La tête avait été retrouvée accrochée à un grillage d’enceinte de l’usine de gaz industriels de Saint-Quentin-Fallavier, près de Lyon, entourée de drapeaux où étaient écrits la profession de foi islamique, rappelant les mises en scène macabres du groupe État islamique (EI).

L’EI n’a pas revendiqué cet acte mais s’est targué d’être à l’origine d’une attaque le même jour en Tunisie, où 38 personnes ont été fauchées dans la station balnéaire de Sousse, et d’un attentat suicide contre une mosquée chiite au Koweït, qui a fait 26 morts.

Moins de six mois après les attentats qui ont endeuillé Paris en janvier, faisant 17 morts, l’attaque a constitué un nouveau choc.

La menace terroriste en France est estimée « élevée » par 85 % des Français et 14 % sont d’un avis contraire, selon un sondage Ifop publié dans le Journal du Dimanche.

« La question n’est pas de savoir s’il y aura un nouvel attentat, mais quand », a averti Manuel Valls.

Sur place, l’heure était à l’émotion et à l’unité. Les principales autorités musulmanes de la région Rhône-Alpes ont appelé à un rassemblement silencieux dimanche à 18H00 (16H00 GMT) devant la mosquée de Villefontaine, à quelques kilomètres du lieu de l’attentat. « Dans le calme, le silence et la dignité » pour condamner un « acte diabolique perpétré en plein mois de ramadan », temps sacré du calendrier musulman.
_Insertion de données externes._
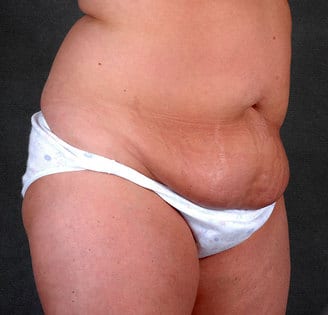 tummy tuck - patient 4880 - before 2 tummy tuck - patient 4880 - before 2
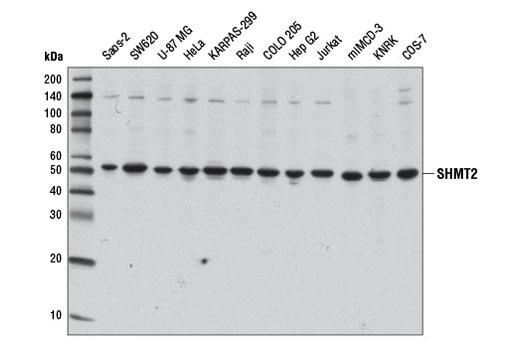 Western blot analysis of extracts from various cell lines using SHMT2 Antibody.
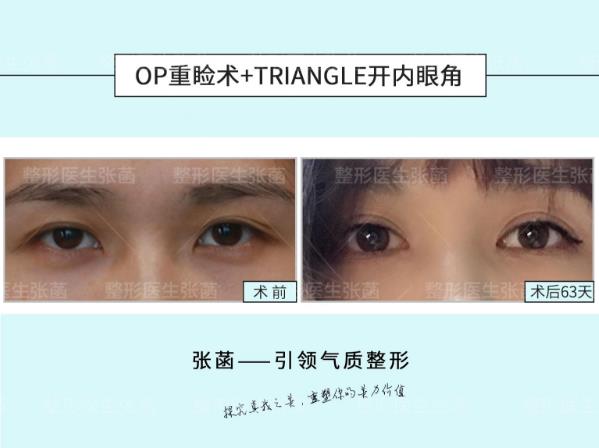 埋線雙眼皮、韓式三點及菡式OP重瞼術(shù)哪種方式更適合你吶?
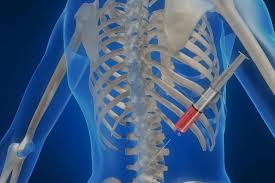 Липома и атерома кожи — две распространенные разновидности доброкачественных новообразований. Shishka Mezhdu Rebrami Vozmozhnye Prichiny Metody Diagnostiki I Terapiya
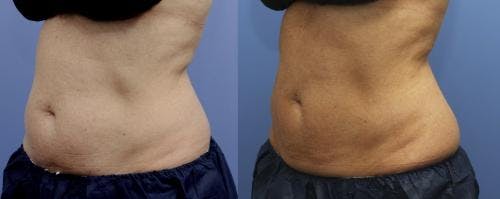 Body Before & After Gallery - Patient 58178496 - Image 2
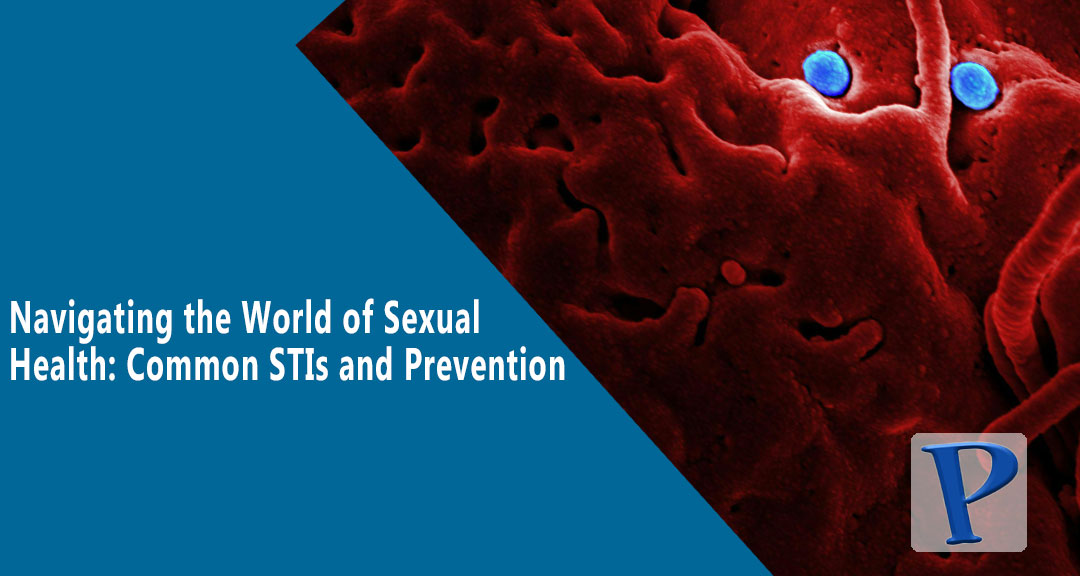 Featured image for Navigating the World of Sexual Health: Common STIs and Prevention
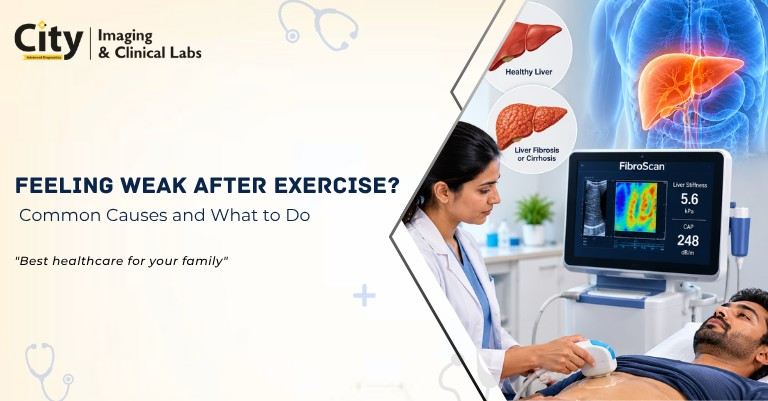 What to Expect During a FibroScan: Procedure, Preparation, Duration and Results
D’autres rassemblements en hommage à sa victime ont eu lieu samedi, à Saint-Quentin et à Fontaines-sur-Saône, où vivait Hervé Cornara, père d’un fils d’une vingtaine d’années et décrit par tous comme un homme « affectueux, généreux ».

Son épouse l’avait vu pour la dernière fois peu après 07h30 dans leur société de transport qui compte l’usine de gaz parmi ses clients. L’attentat avait lieu deux heures plus tard. Après une première explosion qui n’avait pas fait de victimes Yassin Salhi était interpellé par des pompiers alors qu’il tentait de déclencher une seconde explosion.

Fiché de 2006 à 2008 par les services de renseignements pour radicalisation, Yassin Salhi avait de nouveau été repéré entre 2011 et 2014 pour ses liens avec la mouvance salafiste lyonnaise.

Il s’était radicalisé au début des années 2000 au contact d’un homme soupçonné d’avoir préparé avec des militants d’Al-Qaïda des attentats en Indonésie.